Ruskin on Dutch architectural painters

Ruskin made some vague references to Dutch architectural painters in Modern Painters I. They relate to Dutch and Flemish painting in general in both its positive and negative aspects (see Ruskin on Dutch and Flemish painting). For though some of the architectural painters 'show a real desire to paint what they saw as far as they saw it' ( MP I:90), they have a tendency to seek detail for its own sake ( MP I:xxix). And though 'exquisite imitations of architecture are found constantly... the effect of age or of human life upon architecture [was never] adequately expressed' ( MP I:110). Later in his writings, Ruskin would refer to one of these painters by name.

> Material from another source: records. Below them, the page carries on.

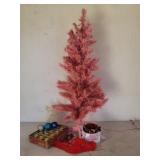 41" Red Christmas Tree & Bal Ornaments - Decor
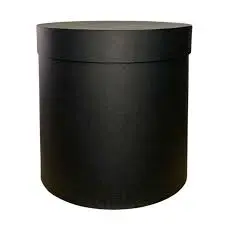 [758] CAJA DE REGALO CILINDRO NEGRO MEDIANO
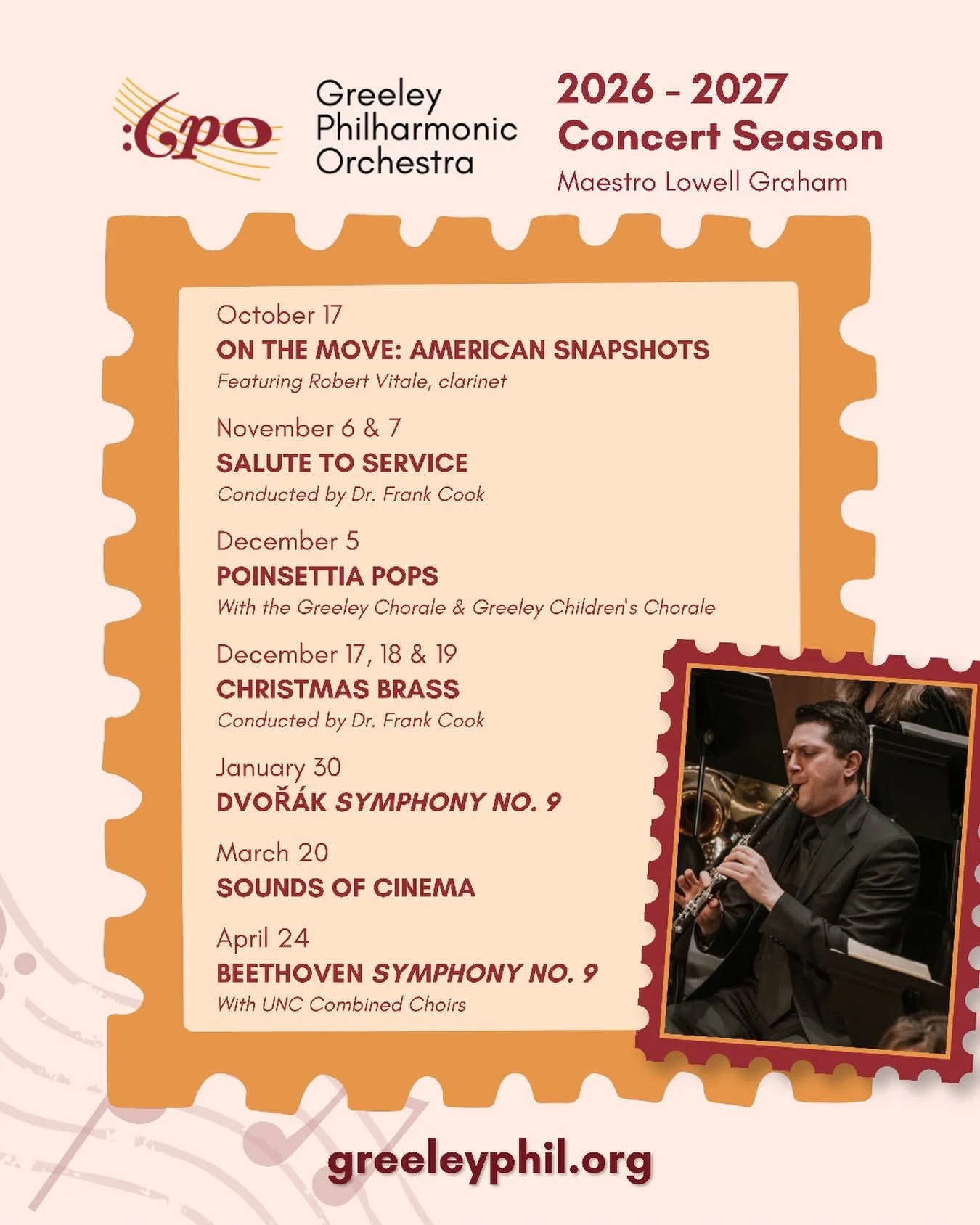 Some performances entertain you. Others stay with you. 🎶

The 2026&ndash;2027 Greeley Philharmonic season is here, bringing unforgettable live music and moments that bring our community together.

Become a season subscriber for the best value, exclu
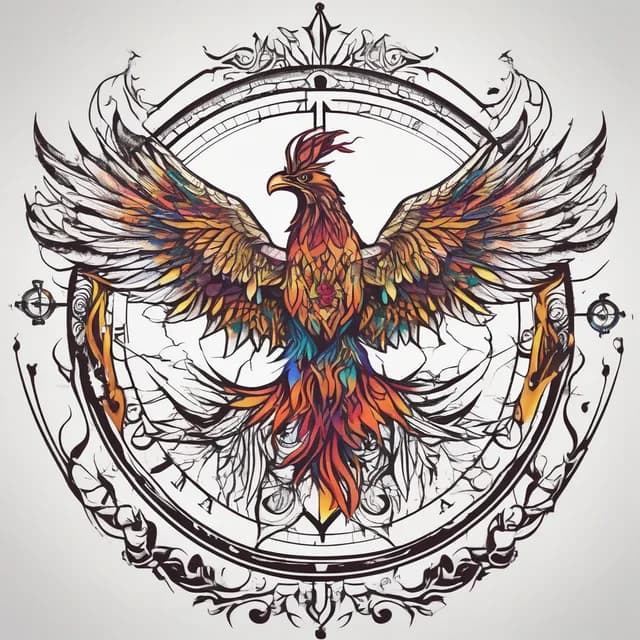 Compass And Phoenix tattoo design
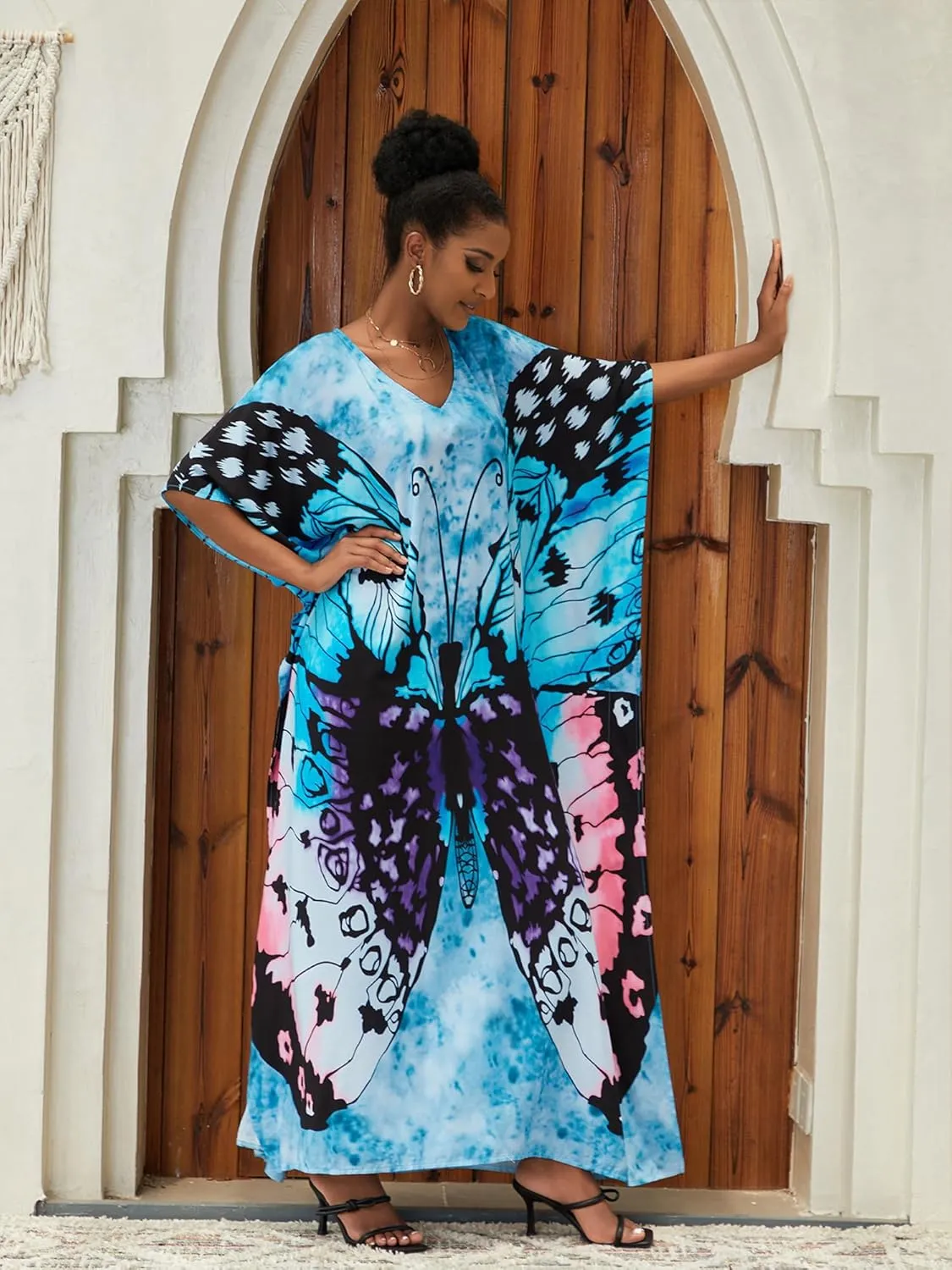Moss Rose Caftan Coverup Dresses for Women V Neck Summer Swimsuit Kaftan Plus Size Maxi Beach Vacation Clothes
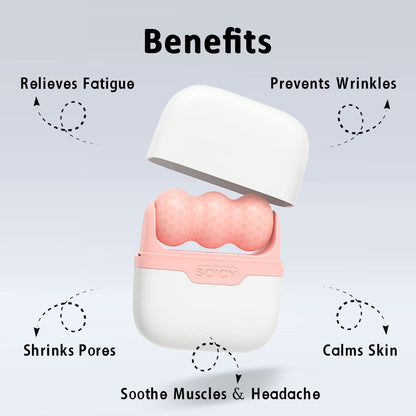 Leeshine Ice Roller for Face and Eyes - Facial Skin Care Tools with 2 in 1 Roller and Travel Case to Reduce Puffiness and Relief Migraine, Pain. Women Gift (Pink)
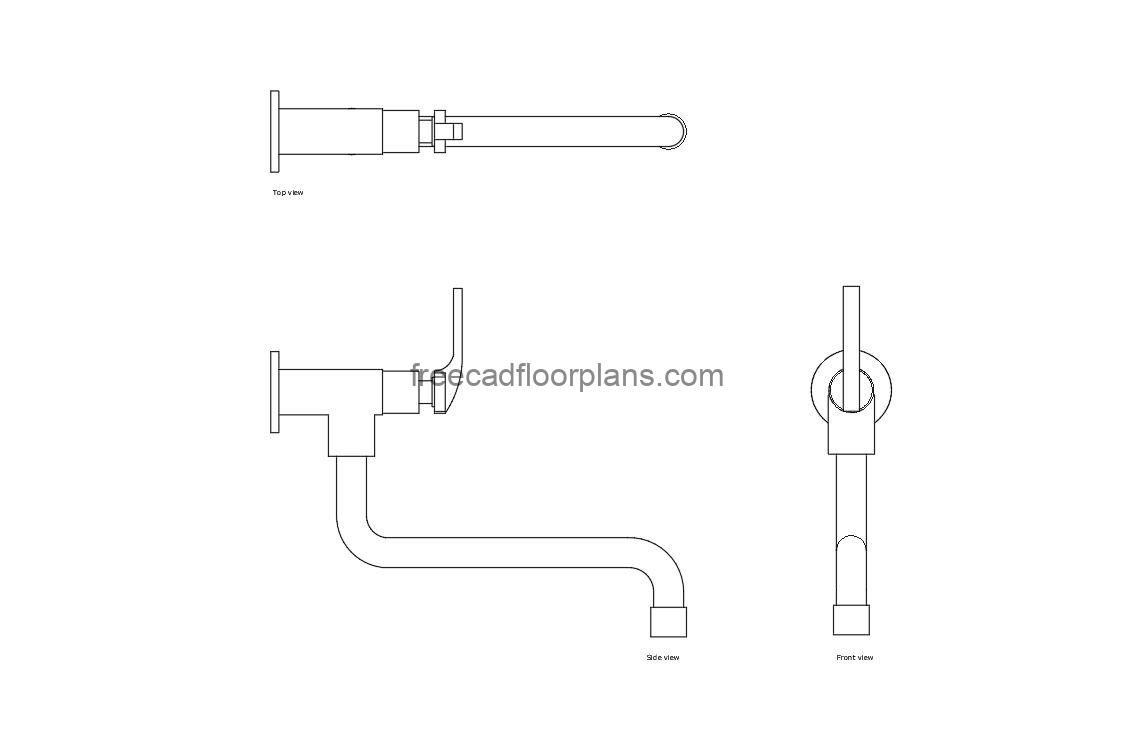 ablution tap autocad drawing, plan and elevation 2d views, dwg file free for download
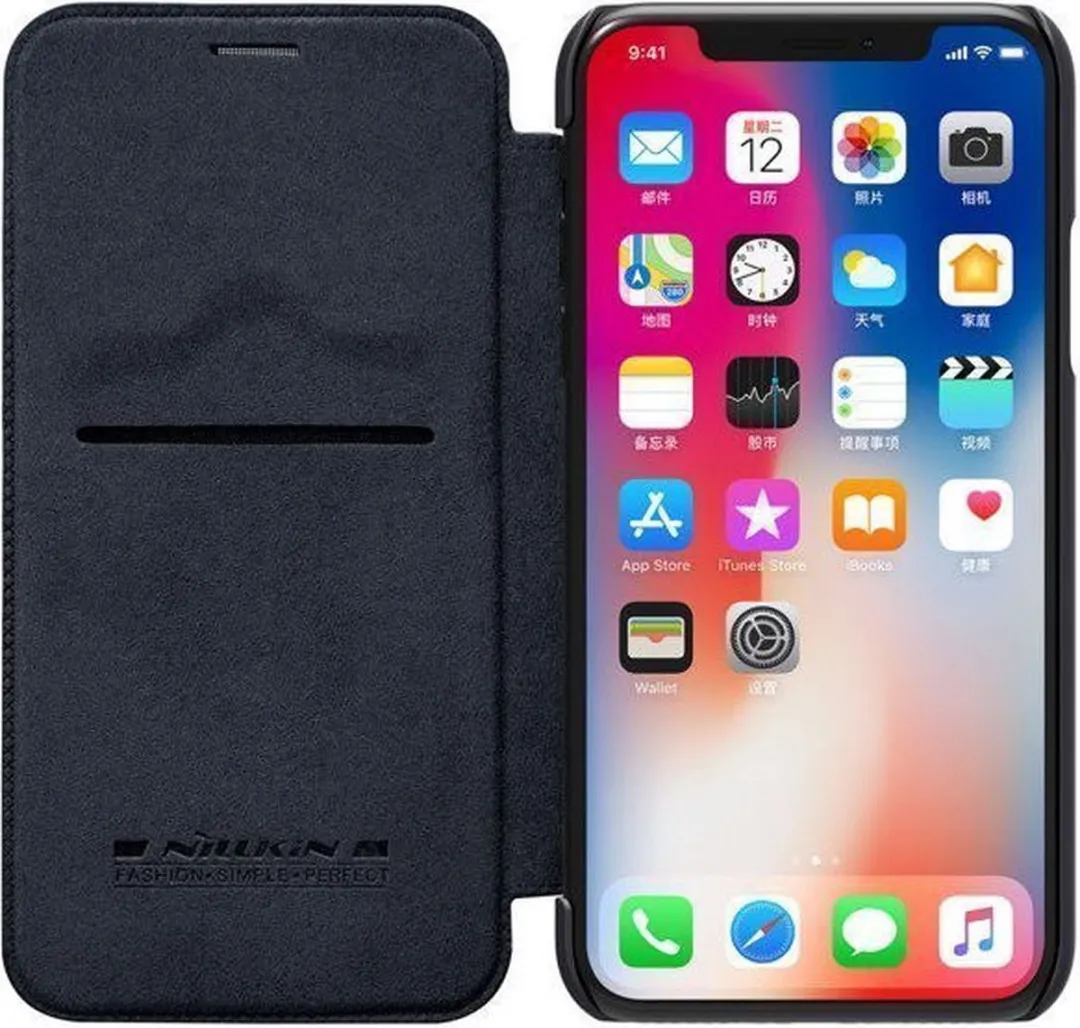 Nillkin Qin Leather Flip Cover iPhone 11 Pro Max - Zwart - 2 Pasjes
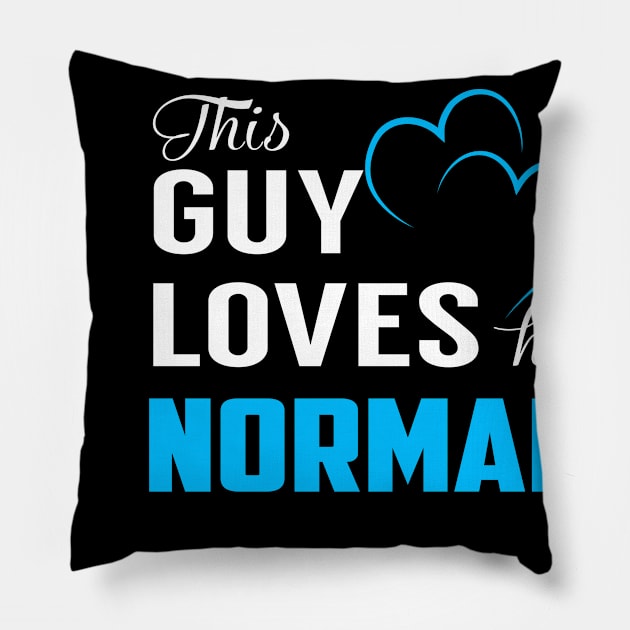 This Guy Loves His NORMAN Pillow by LorisStraubenf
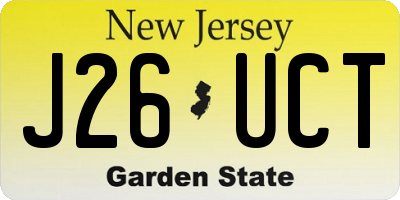 NJ license plate J26UCT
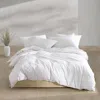 Calvin Klein Washed Percale 3 Piece Duvet Cover Set, King In White
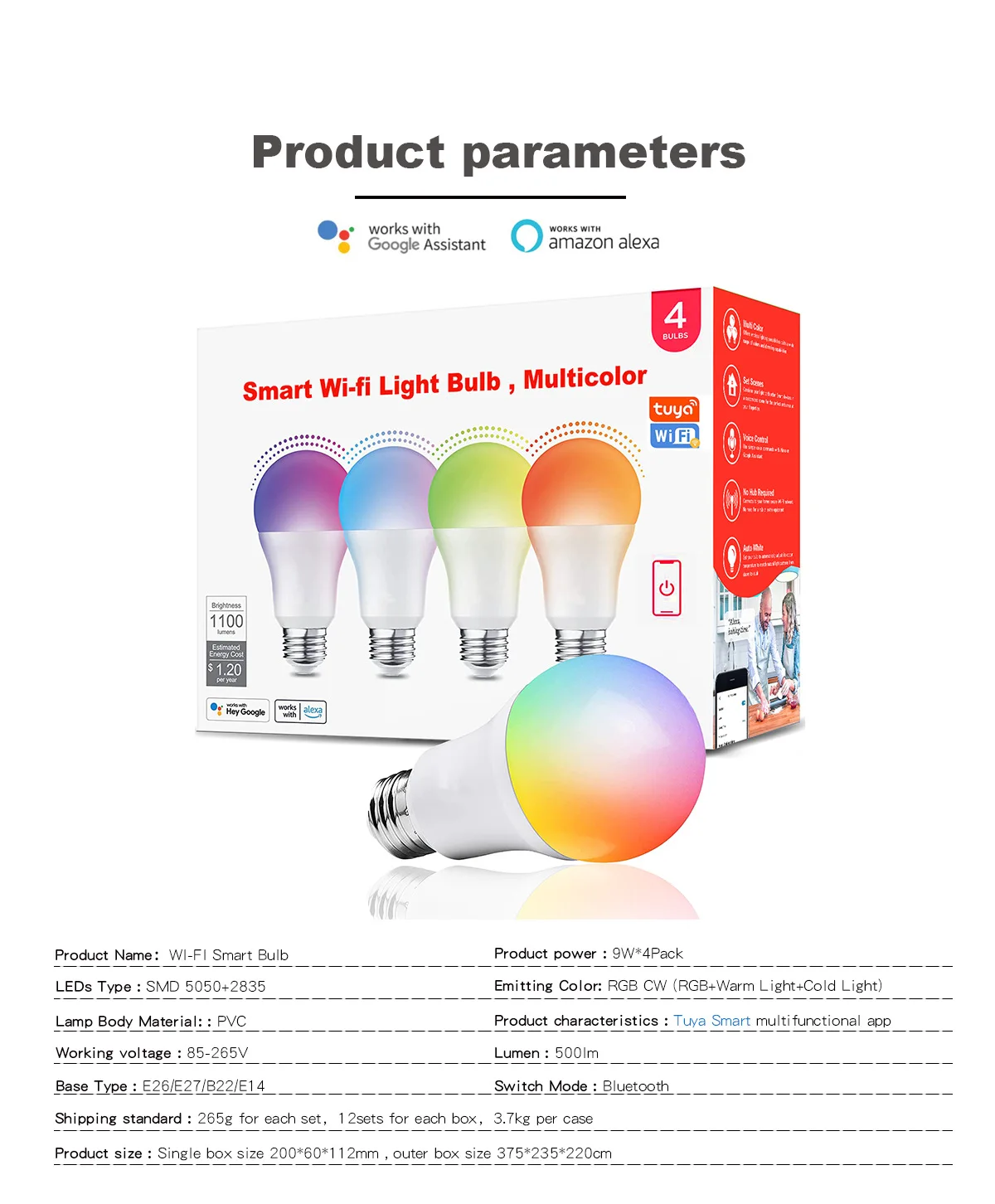 4 חבילות נורת חכמה Tuya WiFi Smart Bulb Smart Light E27 LED Lights RGB Dimmable Lamp Smart Life APP Voice Control עובד עם Alexa Google Home
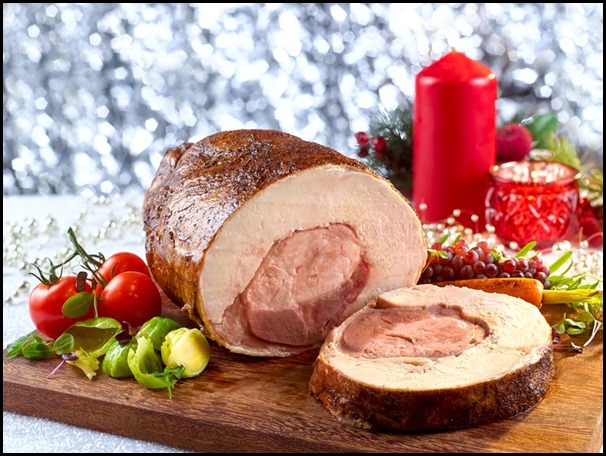 Festive Goodies - Turducken (Boneless Chicken and Duck stuffed Turkey) with Madeira Sauce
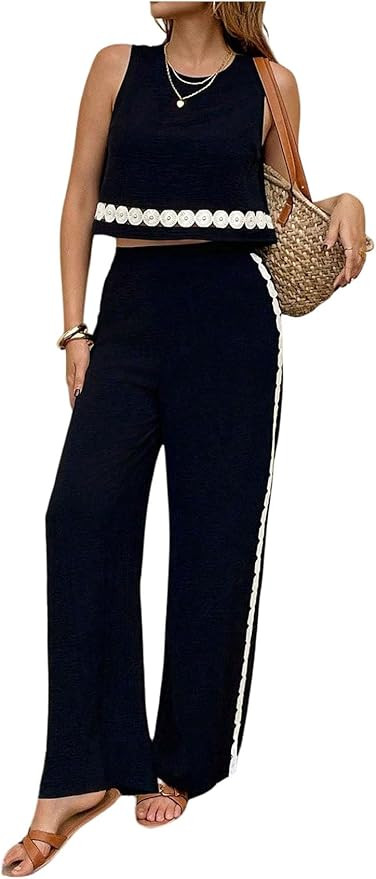 SOLY HUX Women's Clothing Set Summer Vacation Outfits Crop Tank Top and Pants Beach Resort Wear | Amazon (US)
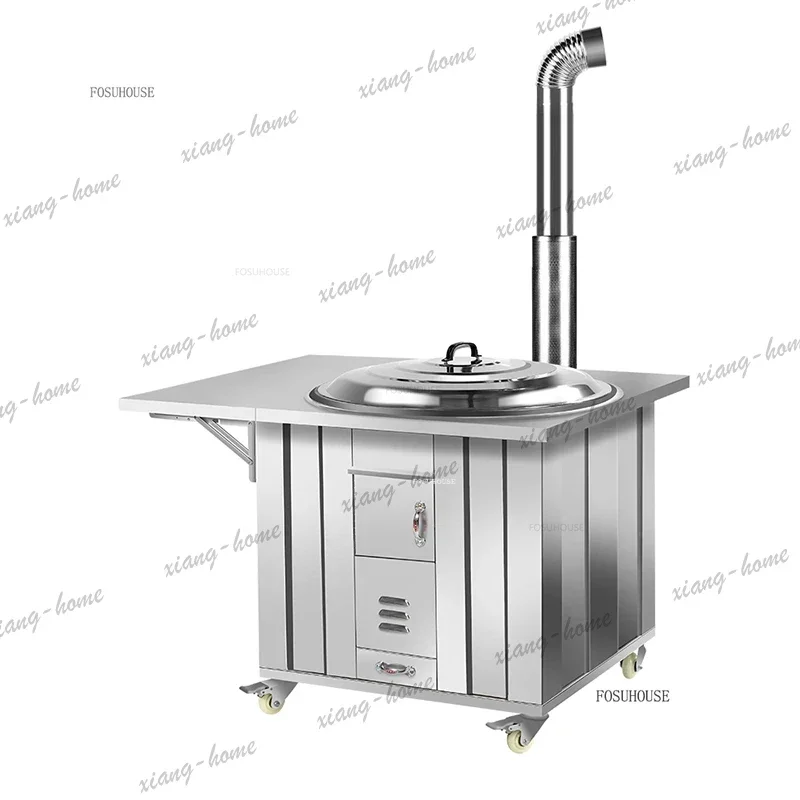 lsRural Household Smokeless Heating Stove Indoor Outdoor Garden Heating Wood Burning Fireplace Stainless Steel Wood Stove Chimen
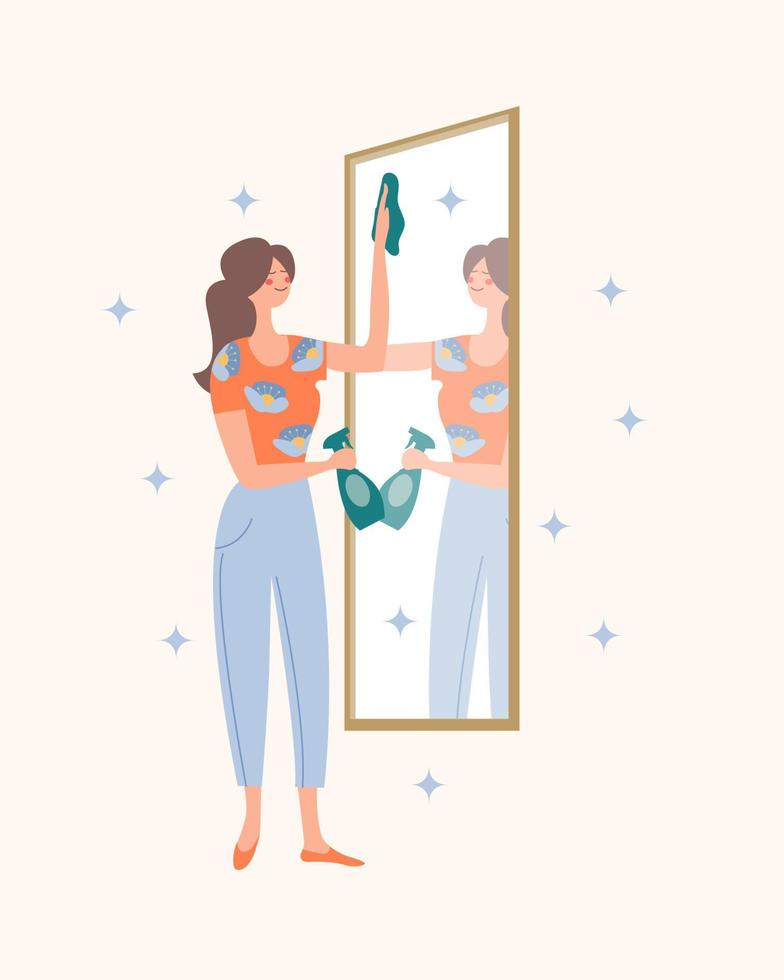 The girl washes the mirror. Domestic work. Vector illustration.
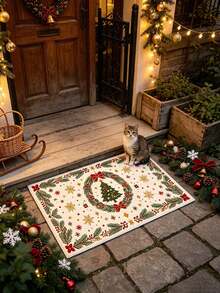 1pc Pine Christmas Tree Runner Rug, Hallway Long Carpet, Area Rug, Living Room Home Decor, Room Decoration, Washable Carpet, Christmas Gift - Pine Christmas Tree - View 3
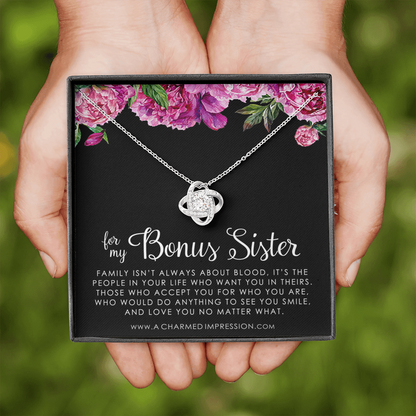 Bonus Sister Gift Necklace, Sister-In-Law Gift, Jewelry For Sister in Law, Step Sister Gift, Soul Sister, Best Friend - Love Knot Necklace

In the evidence that he gave to the National Gallery Site Commission (1857) regarding suitable works for display, he stated that 'Van der Heyden and others may also be mentioned as first rate in inferior lines' ( Works, 13.545). This was prescient, as a work by Jan Van der Heyden (1637-1712) was first acquired by the National Gallery, London in 1871. That he never named such major painters of domestic exteriors and interiors as Pieter de Hooch (1629-1684) and Johannes Vermeer (1632-1675) is forgivable. Neither gained an international reputation until the nineteenth century, that of Vermeer growing particularly slowly. A monograph on Vermeer (1866) by the French critic, Théophile Thoré, may be considered the first substantial study of the artist outside the Netherlands. That Vermeer was the favourite painter of that great French Ruskinian, Marcel Proust, might also be noted.